# [What to produce]
Reproduce, unchanged, the lines between the one holding "Paramparik Textile Checked" and the last line of the records, including both ends, but no pictures.

# [Entries shown]
Content starts
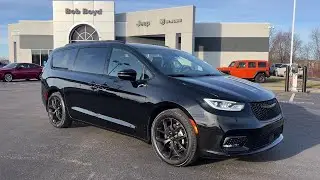 Pre-Owned 2025 Chrysler Pacifica Limited at Bob-Boyd CJD | Lancaster, OH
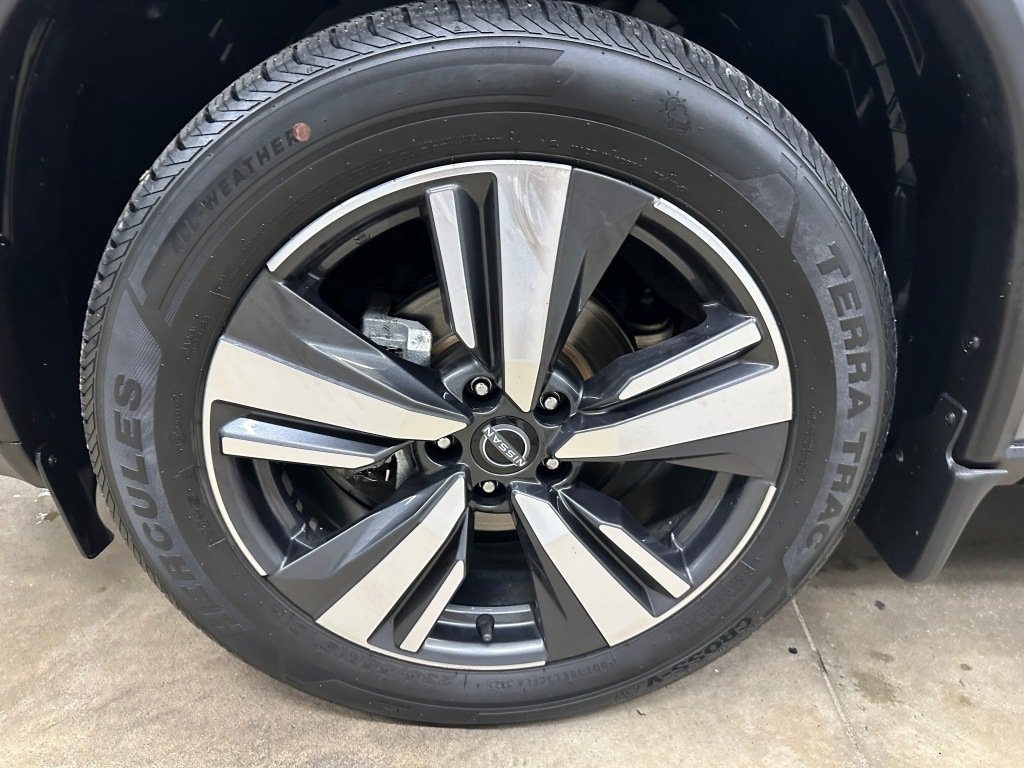 Used 2022 Gun Metallic Nissan Platinum image 37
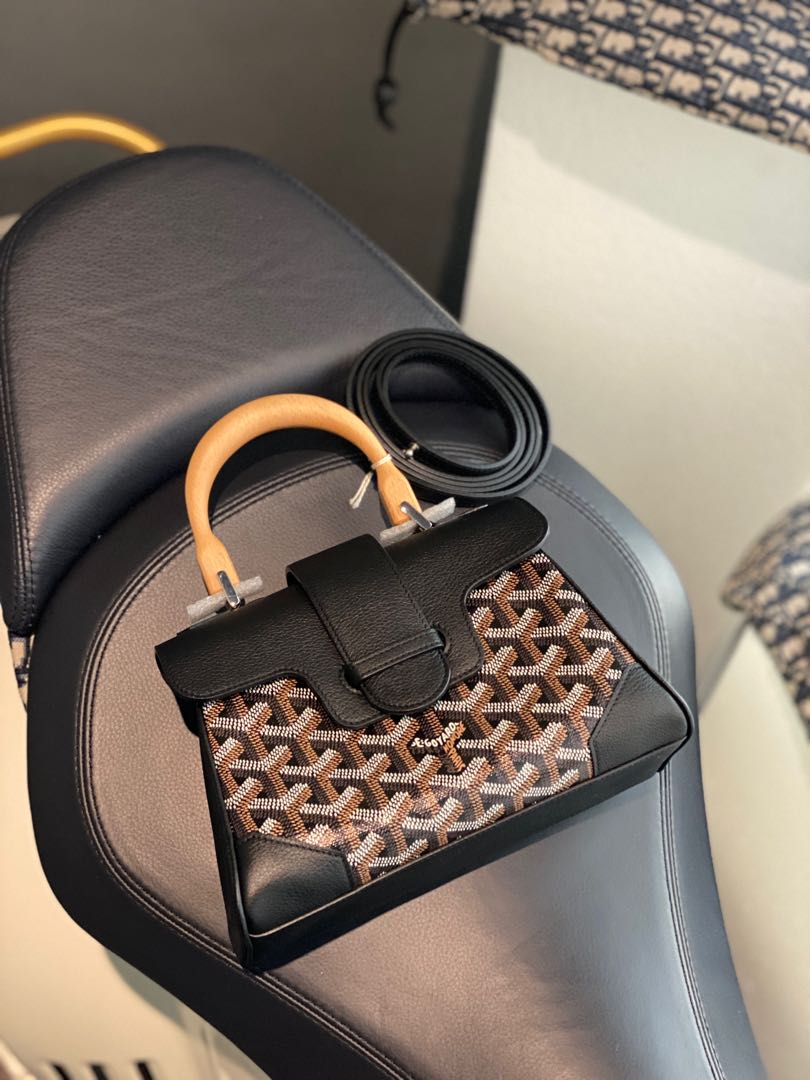 Mini saigon goyard store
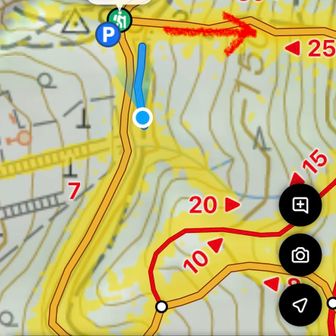 あ、間違えてますね。
赤い矢印方向に歩きたかったのに違う方向に行ってしまったので、仕切り直します。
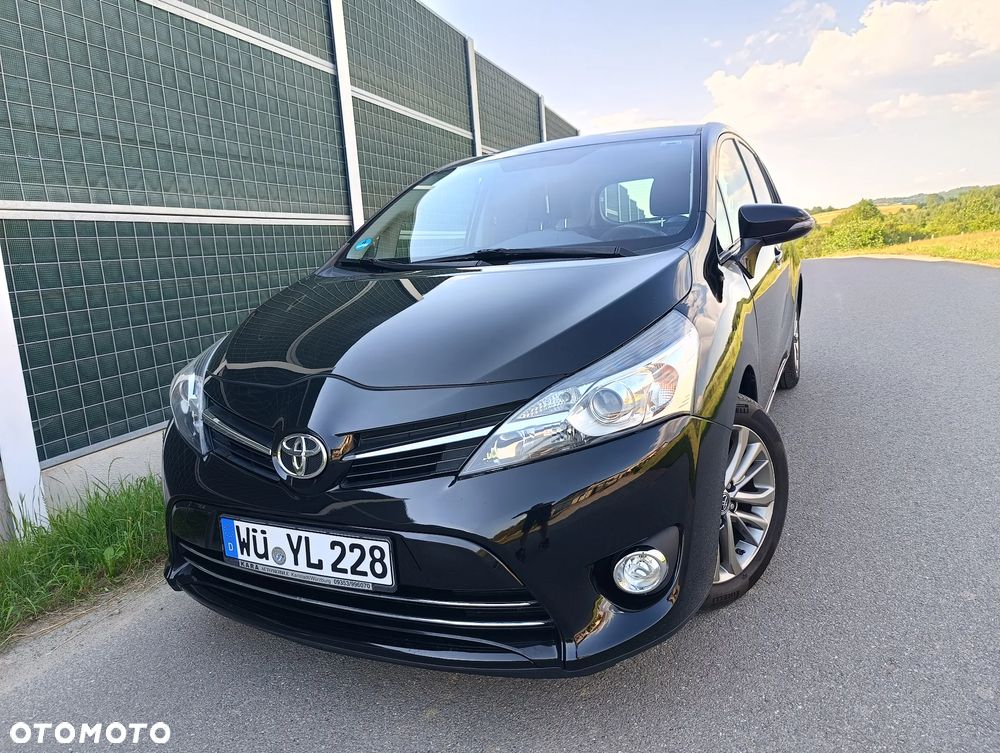 Toyota Verso 1.6 Premium - 1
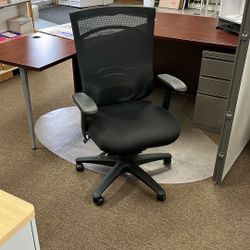 Hi-Back Deluxe Task Chair 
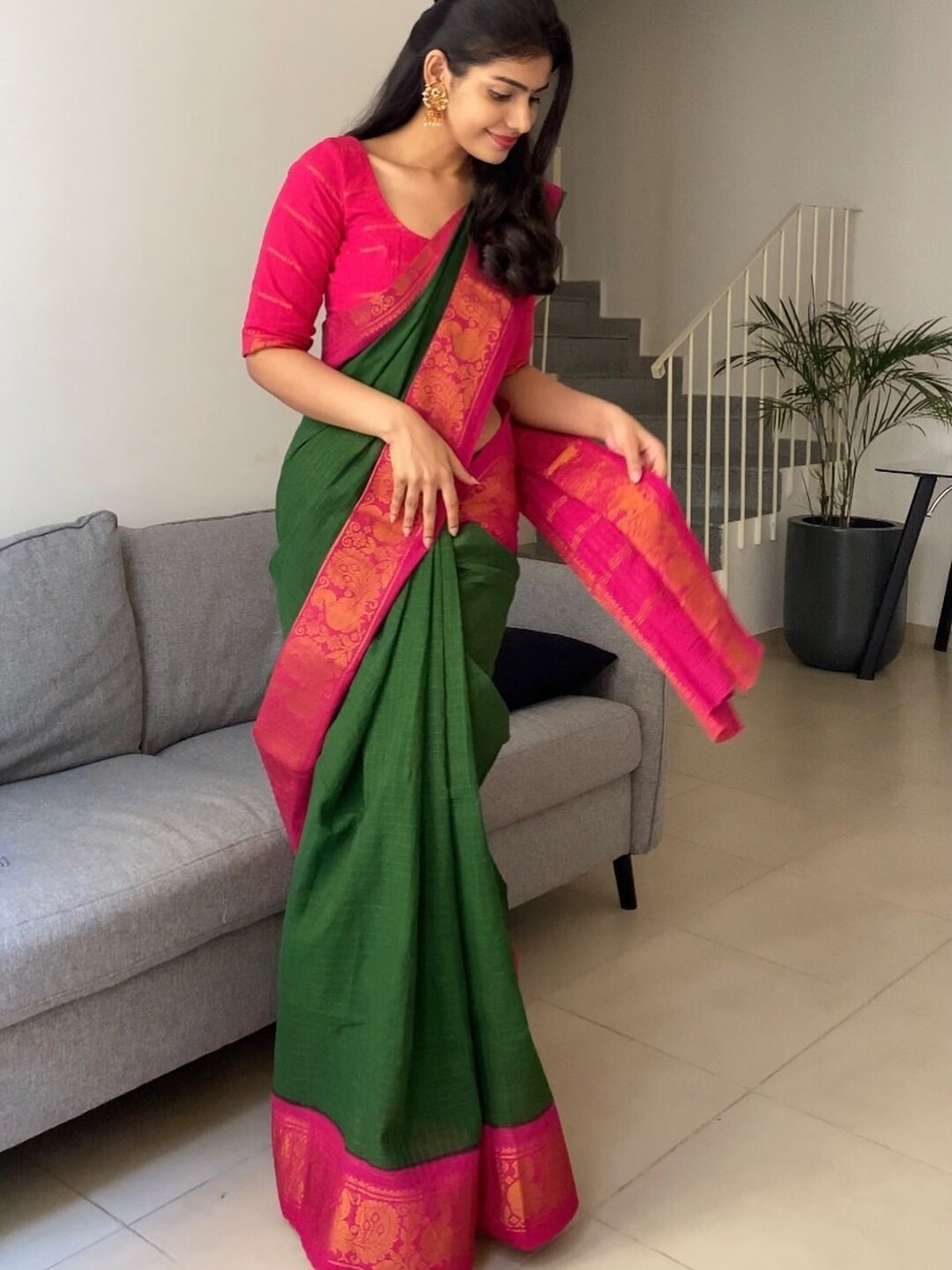 

Paramparik Textile Checked Zari Sungudi Saree, Green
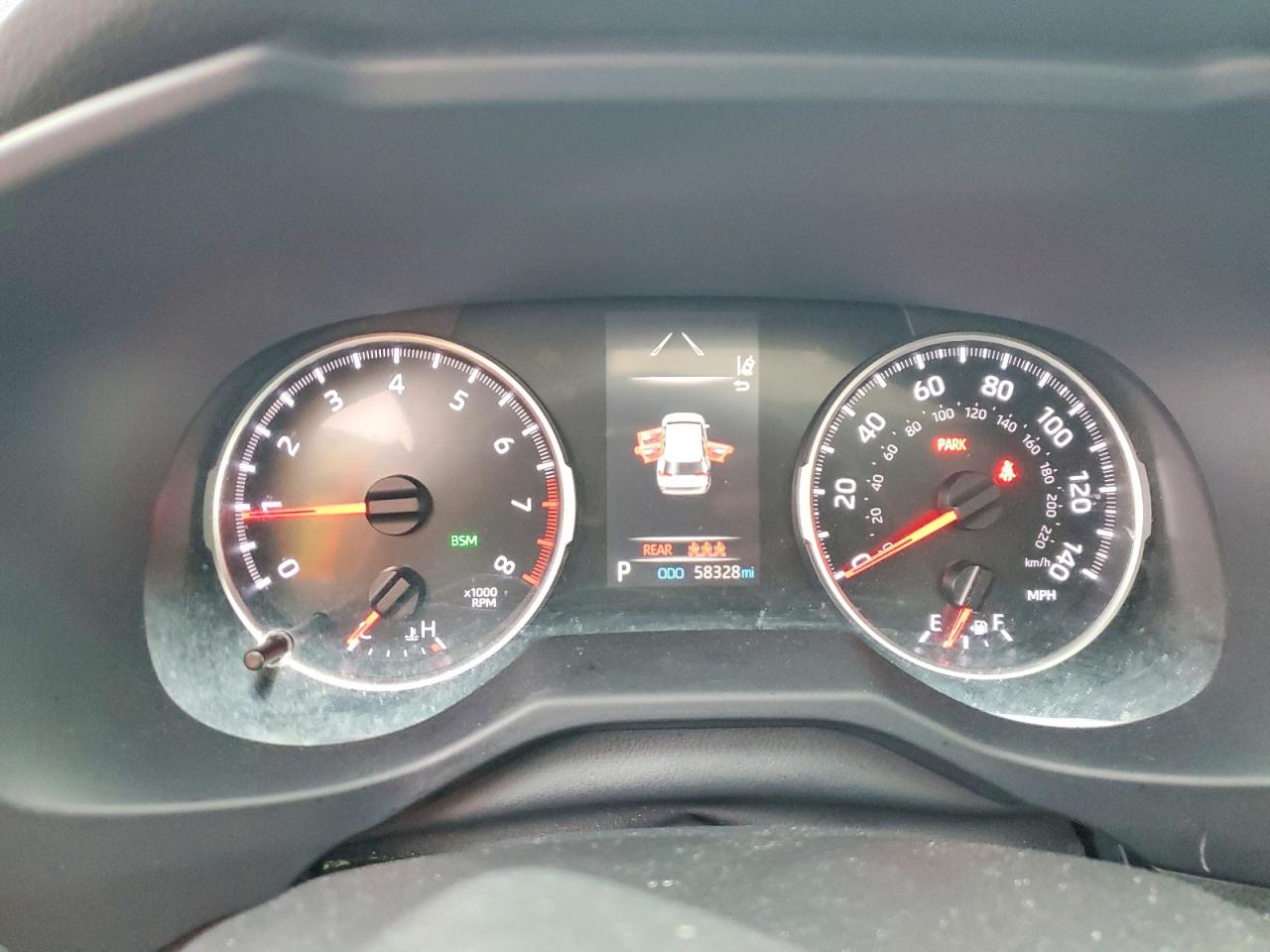 2021 TOYOTA RAV4 XLE photo 9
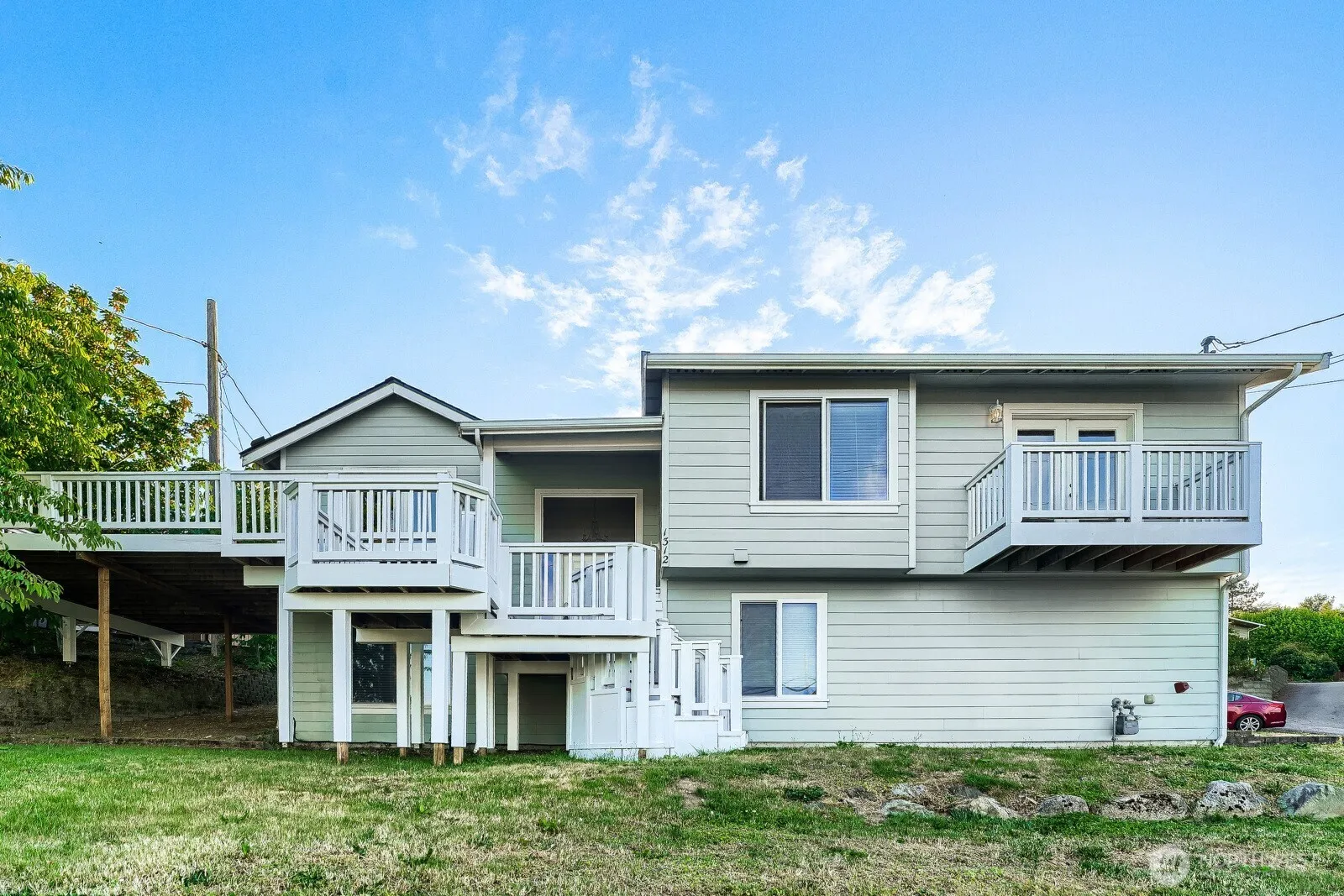 Property photo for 1312 Browns Point Boulevard, Tacoma photo 3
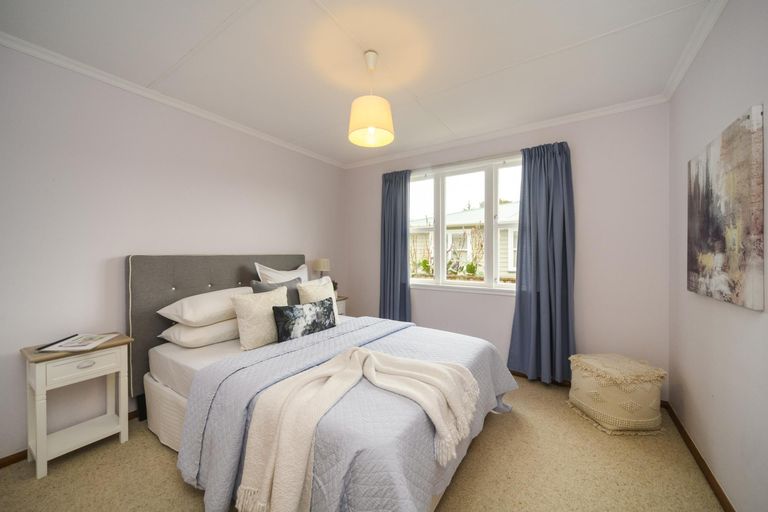 Photo of property in 7 Ruha Street, West End, Palmerston North, 4412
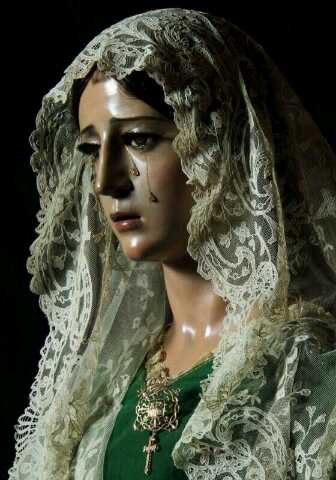 ¡Reina y Señora de Málaga! <a href="/pasoyesperanza/">Esperanza de Málaga</a>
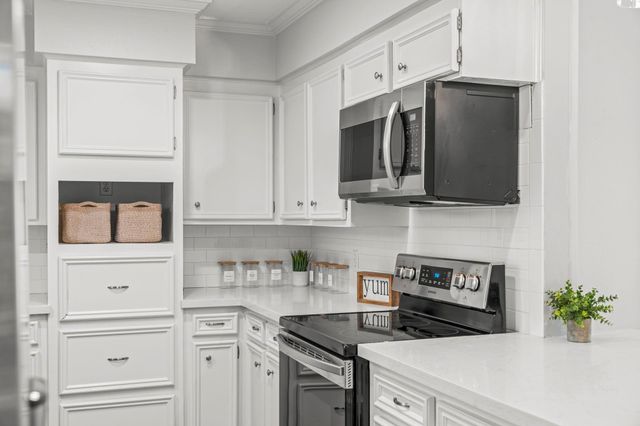 56 Greentree Lane, Conroe, TX 77304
Content ends
# [Output for this exercise]
Paramparik Textile Checked Zari Sungudi Saree, Green
 2021 TOYOTA RAV4 XLE photo 9
 Property photo for 1312 Browns Point Boulevard, Tacoma photo 3
 Photo of property in 7 Ruha Street, West End, Palmerston North, 4412
 ¡Reina y Señora de Málaga! <a href="/pasoyesperanza/">Esperanza de Málaga</a>
 56 Greentree Lane, Conroe, TX 77304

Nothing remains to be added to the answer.